Sus ojos se posaron en los míos. Me miró intensamente. Alargó los brazos y me tomó por los hombros.
—Tú no naciste de un hombre —dijo.
Guardé silencio.
—¡Eres el unigénito de Dios! —susurró—. No el hijo de Dios como el César se hace proclamar hijo de Dios; no el hijo de Dios como un hombre bueno se hace llamar hijo de Dios. No el hijo de Dios como llamarían hijo de Dios a un rey ungido. ¡Tú eres el unigénito de Dios!
Esperó, mirándome fijamente pero sin pedirme nada. Sus manos permanecieron firmes sobre mis hombros. Su mirada no cambió. Cuando habló de nuevo, lo hizo con voz más grave, más suave.

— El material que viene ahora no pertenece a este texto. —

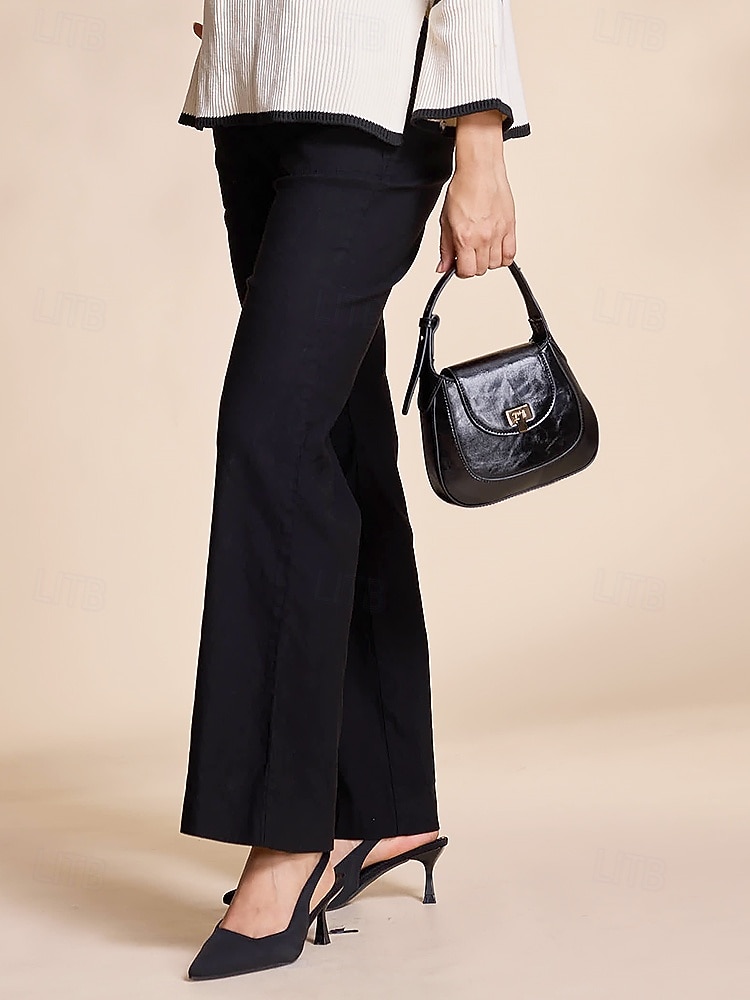 Bolso de mano clásico de piel negra para mujer: elegante cierre de solapa con herrajes en tono dorado, perfecto para uso profesional y de noche. 2026 - $34.99 –P1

—¡Tú eres el verdadero hijo del Señor! —dijo—. Por eso puedes matar y devolver la vida, por eso puedes sanar a un ciego como José te vio hacer, por eso puedes rezar pidiendo que nieve y nevará, por eso puedes discutir con tu tío Cleofás cuando él se olvida de que eres un niño, por eso haces gorriones con barro y puedes darles vida. Guarda ese poder dentro de ti, consérvalo hasta que tu padre celestial te indique que es el momento de usarlo. Si te ha creado niño, entonces lo ha hecho para que crezcas en sabiduría como en todo lo demás.
Yo asentí despacio.
—Y ahora te vienes con nosotros, a Nazaret, no al Templo. Oh, sé cuánto deseas ir allí. Pero no puede ser. El Señor no te envió a casa de un maestro del Templo ni de un sacerdote del Templo ni de un escriba ni de un rico fariseo. Te envió a José, el carpintero, y a su esposa María de la tribu de David en Nazaret. Y ahora vuelves con nosotros a Nazaret.